Il silenzio e l’immobilità

26/09/2023 by nicoletta cinotti Lascia un commento

Sono infiniti gli aggiustamenti fisici che facciamo per non essere scomodi: come ci aggiustiamo sulla sedia, nel letto, quando leggiamo o quando stiamo al computer. Tolleriamo una certa quantità di scomodità oltre la quale interveniamo.

Il punto è che quasi ogni movimento nasce dal bisogno di correggere un disagio – fisico o emotivo – e lo facciamo automaticamente, senza rendercene conto. A volte ci muoviamo prima ancora che ci sia chiara la ragione per la quale abbiamo bisogno di muoverci. Eppure quel movimento ha una spinta: quella di farci evitare un disagio.

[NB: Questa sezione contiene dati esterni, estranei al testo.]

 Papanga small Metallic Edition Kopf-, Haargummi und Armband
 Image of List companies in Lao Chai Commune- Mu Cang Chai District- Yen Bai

Ecco perché stare fermi, in silenzio, può essere così difficile: perché in quella quiete i disagi che ci sono vengono a galla e non c’è il movimento ad attenuarli. I disagi fisici ed emotivi emergono. In quel momento abbiamo due possibilità: scappare prendendo la distanza da quello che ci colpisce. oppure occuparcene con lo stesso atteggiamento con cui una madre consola il suo bambino e gli offre una nuova possibilità.

Se rimaniamo sempre nel rumore, nell’azione, nel movimento tutta questa attività funzionerà come un silenziatore della voce del corpo. Se ci fermiamo il nostro corpo inizierà a parlarci e ci dirà molto di più di quello che siamo abituati a sentire.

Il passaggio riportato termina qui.